With hindsight I can see how this was a hard thing for my family, but also, I can see that as time has gone on, the end result of where we are now would not have been able to be any different.

Fast forward to now, and here I am, I have endured much pain and loss, I no longer have a life partner as they were unable to continue to be with me, I have had to move out of the family home and begin making a life for myself all over again.

It’s been really fucking hard. I lost my role as carer for my daughter, and with a part of my parental identity. I’ve spent hours with counsellors, doctors, psychologists and so forth managing my transition and my mental health. It’s been tough, but I am emerging through it, and new possibilities arise.

It certainly hasn’t been all bad either, amidst the pain has always been the possibility and positivity of being the real me, of moving forward. People who have known me for long periods of time have commented on the weight that used to be obviously holding me down was gone, that I appeared lighter, happier and more confident.

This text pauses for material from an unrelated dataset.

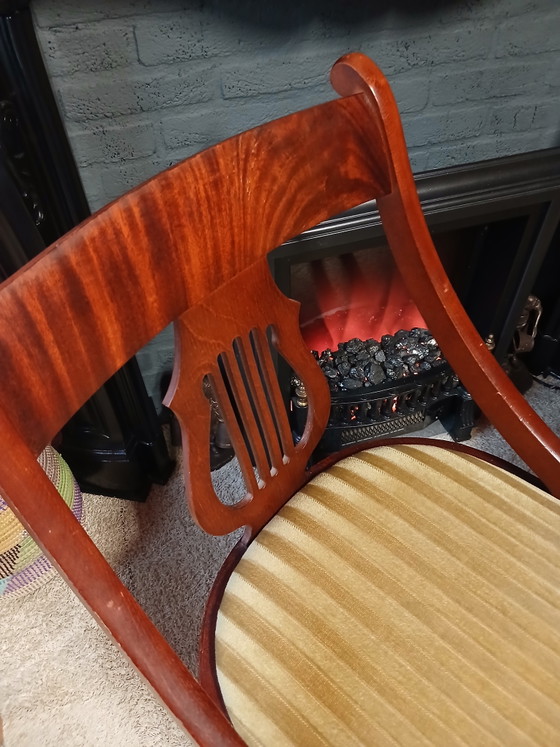 Set di quattro sedie da pranzo classiche a forma di gondola – Velvet, Wood (photo 14 of 15)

And it is true. Of course, I don’t pretend that coming out and transitioning is all peaches and cream, because it isn’t. The reality is that every day as I live my life as a visible trans woman that I endure risk, that I am in a state of hypervigillance. A state where every whispered words between others is questioned, when each double take you observe leaves you wondering if you remain physically safe or not.

But in all of that is the day by day feeling of being more me than I have ever been. As time passes and I feel more at home in my own skin the possibility of success seems closer and more real than it ever has before. In pre transition life or since transition began.

Today is a good day. I got some great news, and for the first time in a long time, I feel genuinely excited about a possible employment opportunity. I feel genuinely positive that I an autistic, trans woman in the midst of transition, might just be able to smash down all those barriers to employment and begin to earn again, begins to be able to feel like a worthwhile contributor to society again.

For so long, far too long, it has felt largely and mostly hopeless. That I was destined to be reliant forever on government assistance, that by way of being autistic and transgender there were just too many barriers. But today, yes, today, and onwards I believe, or at least I am beginning to believe that, yes, just maybe, true acceptance is possible.

I can be accepted as an Autistic person and not be a drain and blight on the communities in which I am involved.

I can be accepted and not just tolerated as a trans woman in the communities I move in and out of and through.

Yes. More than tolerance is possible. Acceptance is possible, and who knows, maybe celebration is truly possible too.

When the possible drifts past, grab onto it with every fibre of hope and dreams you can. Not with the bullshit of positive thinking, but with every fibre of you being the best you can be. By being authentic, real, open and honest.

Yes, today I feel it just really is possible, because in a range of experiences over the past few years, I have been the most authentic me that I can be, I have stared Pandora’s open box and begun to answer the questions with an honesty that I had always hidden.

All I can say, I guess, is, be the best you that you can be, and that means, staring down the hard questions, the uncomfortable ones and being open, honest and real. It means being the you that you reserve for those dark and secret places within you, it means opening that secret place up a little and it means trusting. Trusting that you won’t self implode yourself to utter destruction.